Le bon Grain, texte et mise en scène de François Dumont
Le bon Grain, texte et mise en scène de François Dumont
François Dumont avec cette sorte de fable farcesque proche d’un théâtre d’agit-prop, peint ici la vie d’un royaume pris dans un ouragan politique. Dirigé par un roi qui laisse prendre les décisions par son épouse, une reine assez hystérique qui voue une véritable passion à son potager mais indifférente à la vie de son peuple. Et le royaume n’est plus guère dirigé. Un ministre vient annoncer une très mauvaise nouvelle : une île vient de disparaître sous la montée des eaux à cause du réchauffement climatique. Seule solution radicale envisagée par la reine : mettre fin à toute activité industrielle… Le peuple va se révolter et exiger la redistribution des ressources. Mais la reine jupitérienne va éliminer les chômeurs du Royaume. Heureusement, le bon roi arrivera à remettre les choses d’équerre.

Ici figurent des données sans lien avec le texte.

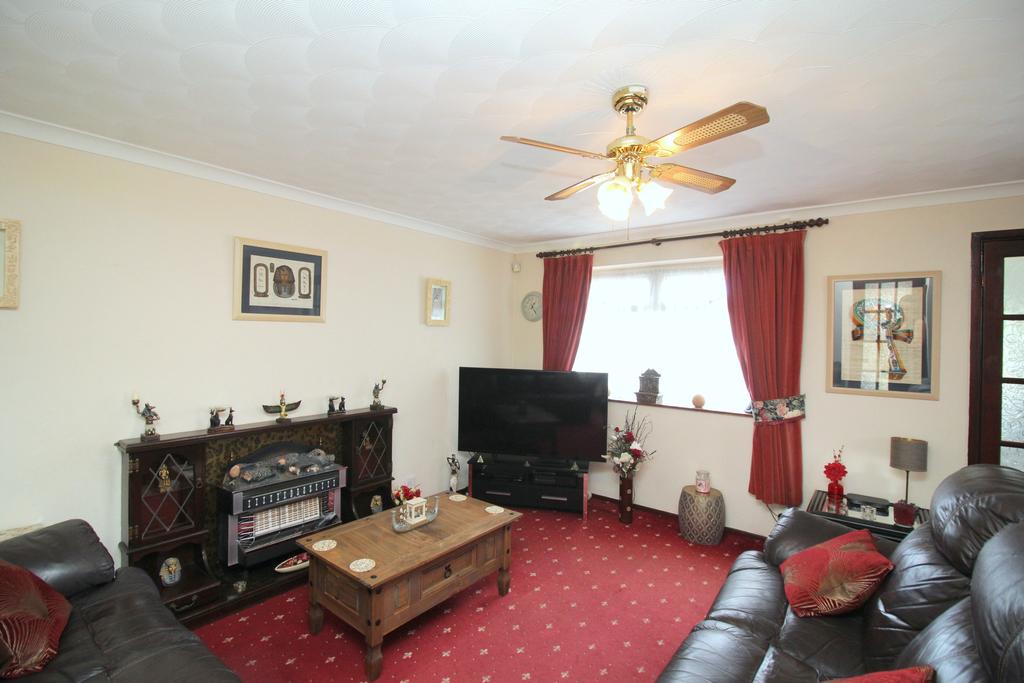 Ottery Close, Southport, Merseyside, PR9 3 bed semi-detached house - £ ...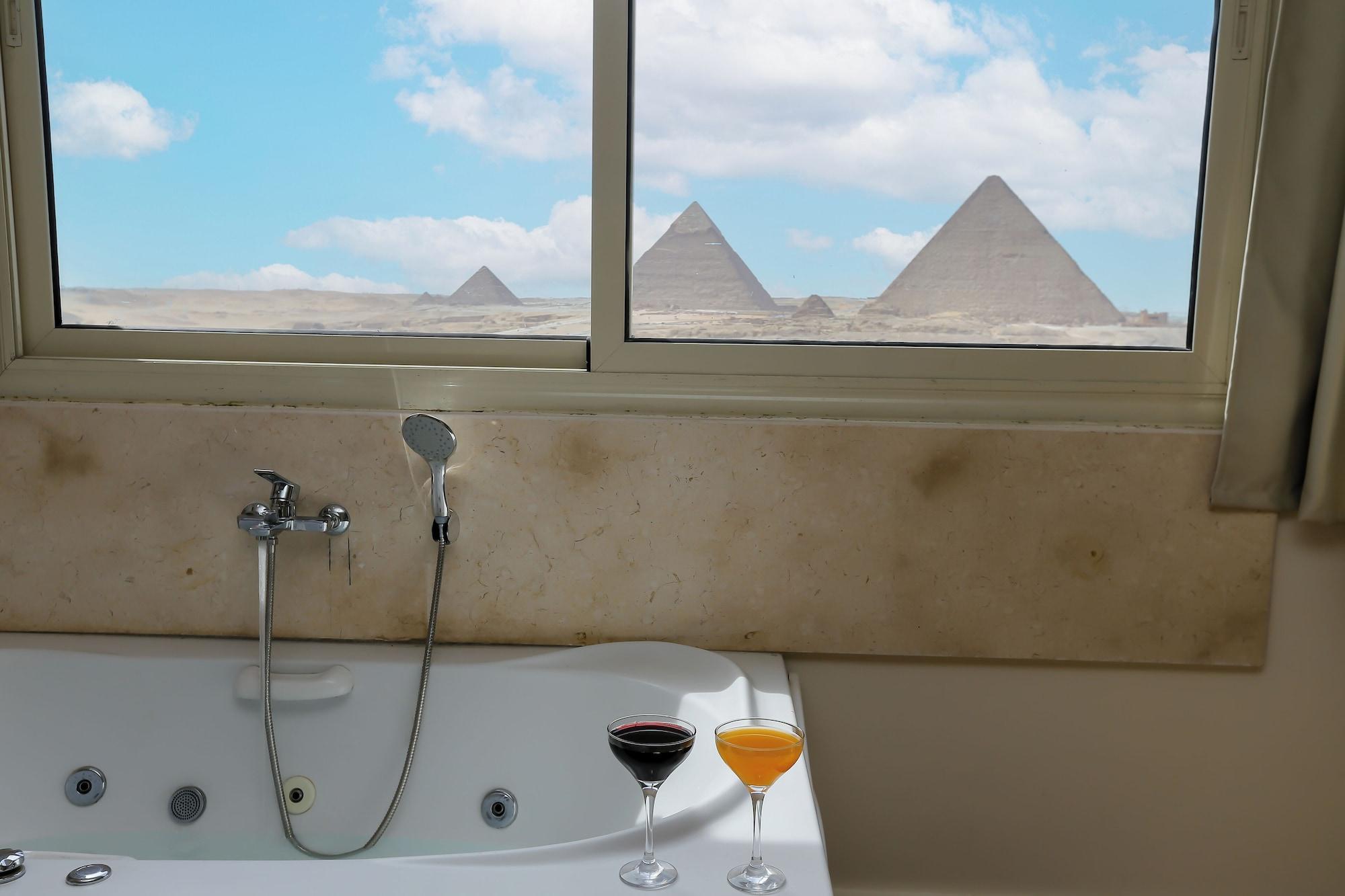 Point Pyramids View Inn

C’est on l’aura compris, un théâtre où se confrontent impératifs écologiques et société sans boussole où les hommes ont bien du mal à vivre. « Cette farce du Bon grain, je l’espère, amusera, tout en donnant à réfléchir, dit François Dumont, à quoi mène une écologie sans partage? » On veut bien mais voilà: rien de plus difficile que de mettre en scène une farce avec efficacité ! Cela se passe dans la médiocre salle de la Comédie-Nation : petite scène sans dégagements, plafond bas, visibilité très moyenne pour le public: bref, un rêve de théâtre! Sur le plateau, une autre petite scène de deux mètres sur deux, un perroquet pour accrocher les costumes et de chaque côté, quelques chaises où s’assoient les acteurs quand ils ne jouent pas. Donc l’essentiel pour un théâtre de tréteaux en plein air avec un public très proche disposé tout autour.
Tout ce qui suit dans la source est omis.